Obtaining and preserving evidence will also be important in vindicating your child’s rights.

Set aside and secure each and every written communication that you may have had at any time with the landlord or their managing agent. Keep your lease and all riders and make them available to your lawyer. This includes current and prior leases (and all attachments and riders). Keep all documents that you may receive from the municipality in the course of their investigation of your child’s lead poisoning and provide copies to your lawyer.

It is important to take pictures of the conditions which were pin-pointed as lead hazards by the Department of Health as well as each and every other surface in the apartment including closets and windows. If there is a dust condition, take photographs to the extent possible.

Waste no time in carefully researching which lawyer you wish to represent your child’s interests.

Outside New York City, in order to successfully sue your landlord you will have to prove a litany of facts that at times may be daunting. The highest court of the State, in the case entitled Chapman v. Silber, 97 N.Y.2d 9 (2001) established the level of proof required to prove constructive notice of the lead condition.

If there was no actual knowledge on the part of a landlord as to the hazards of lead in your apartment, you will have to prove what is called constructive notice of the lead hazard. Notice of the defective condition causing the injury is an element of making out a case for negligence. If you can show that the landlord had actual knowledge of the lead hazards and failed to reasonably abate the lead hazards and that as a result of such omission caused injury and lead poisoning to your child, such proof will be sufficient to make out your case.

On the other hand, proof of actual notice will often be missing. An alternative way to establish a case is by what is known as constructive notice. In order to prove constructive notice in a lead poisoning case the Chapman case sets out five required elements which must be proven to prove constructive notice of the condition.

First, you will have to prove that your landlord retained a right of entry into your apartment and assumed the duty to perform repairs. This often is established through the express language of your lease. It may also be proved by examination of the actual conduct of the landlord (or the managing agent) in his or her maintenance of your apartment.

You will also have to prove that the landlord knew that the apartment was constructed before a time that lead-based paint was banned for use in residential housing. Though this may seem obvious, it will be the plaintiff’s burden of proof to establish this by a preponderance of the evidence at trial.

The third element of the case will require that you prove that the landlord was aware that paint was peeling in your apartment.
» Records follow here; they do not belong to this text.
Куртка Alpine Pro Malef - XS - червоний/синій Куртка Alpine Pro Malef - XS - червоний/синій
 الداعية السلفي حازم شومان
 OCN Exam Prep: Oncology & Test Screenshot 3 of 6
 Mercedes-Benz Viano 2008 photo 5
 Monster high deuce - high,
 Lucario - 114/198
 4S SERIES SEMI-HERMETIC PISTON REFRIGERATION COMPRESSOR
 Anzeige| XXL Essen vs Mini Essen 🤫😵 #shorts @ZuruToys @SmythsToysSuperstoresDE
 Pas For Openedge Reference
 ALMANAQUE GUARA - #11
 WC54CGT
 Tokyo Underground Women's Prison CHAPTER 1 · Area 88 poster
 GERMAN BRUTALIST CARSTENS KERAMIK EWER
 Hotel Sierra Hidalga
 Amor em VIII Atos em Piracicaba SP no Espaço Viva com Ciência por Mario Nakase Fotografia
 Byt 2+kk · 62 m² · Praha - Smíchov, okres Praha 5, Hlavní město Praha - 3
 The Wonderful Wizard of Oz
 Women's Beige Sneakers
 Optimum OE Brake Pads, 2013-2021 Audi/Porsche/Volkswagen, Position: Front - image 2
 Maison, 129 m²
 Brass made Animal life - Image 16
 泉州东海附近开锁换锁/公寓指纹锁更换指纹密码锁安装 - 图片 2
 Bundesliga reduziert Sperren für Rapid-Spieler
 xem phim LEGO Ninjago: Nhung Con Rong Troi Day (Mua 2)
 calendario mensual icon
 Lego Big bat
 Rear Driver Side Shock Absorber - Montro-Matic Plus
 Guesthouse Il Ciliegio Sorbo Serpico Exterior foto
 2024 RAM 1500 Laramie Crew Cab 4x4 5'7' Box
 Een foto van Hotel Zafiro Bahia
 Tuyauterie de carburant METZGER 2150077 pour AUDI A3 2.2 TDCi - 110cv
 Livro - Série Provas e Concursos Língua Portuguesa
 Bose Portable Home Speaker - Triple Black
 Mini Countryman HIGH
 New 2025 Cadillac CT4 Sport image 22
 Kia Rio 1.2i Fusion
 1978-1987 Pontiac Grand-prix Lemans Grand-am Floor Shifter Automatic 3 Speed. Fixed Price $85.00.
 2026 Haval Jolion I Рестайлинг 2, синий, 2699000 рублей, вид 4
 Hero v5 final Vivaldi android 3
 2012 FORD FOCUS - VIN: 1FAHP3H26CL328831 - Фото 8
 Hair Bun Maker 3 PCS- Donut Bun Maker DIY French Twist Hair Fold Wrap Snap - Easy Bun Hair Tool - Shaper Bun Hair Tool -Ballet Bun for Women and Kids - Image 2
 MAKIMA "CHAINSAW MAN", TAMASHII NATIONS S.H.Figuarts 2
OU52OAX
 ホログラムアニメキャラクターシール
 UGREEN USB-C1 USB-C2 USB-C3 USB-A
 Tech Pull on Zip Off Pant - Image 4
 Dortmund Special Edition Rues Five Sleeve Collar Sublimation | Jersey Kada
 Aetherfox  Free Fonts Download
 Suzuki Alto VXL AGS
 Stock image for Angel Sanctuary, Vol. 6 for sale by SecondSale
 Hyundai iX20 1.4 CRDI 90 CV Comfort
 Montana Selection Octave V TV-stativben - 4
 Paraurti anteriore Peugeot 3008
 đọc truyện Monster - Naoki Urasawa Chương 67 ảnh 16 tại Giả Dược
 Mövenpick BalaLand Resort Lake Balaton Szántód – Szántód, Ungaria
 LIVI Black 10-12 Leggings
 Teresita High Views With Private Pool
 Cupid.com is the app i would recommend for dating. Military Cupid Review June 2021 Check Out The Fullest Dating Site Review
This may be proved through testimony elicited at depositions or in a myriad of other ways which vary depending on the case.

The fourth element of proof will require that you prove that the landlord knew of the hazards of lead-based paint to young children. How you will prove this element may at times be challenging as it calls for the plaintiff to in effect prove the knowledge of a defendant.

A fifth element of proof that will have to be established is that the landlord knew that a young child lived in the apartment.

Of course, you will have to prove that the lead based paint that was present in the apartment was ingested by your child and that it caused injury.

Each of these elements are essential for any case to be successful in New York State.

Can I sue the landlord for lead poisoning? As you can see, this question calls for careful analysis and at times extensive investigation, research and depositions.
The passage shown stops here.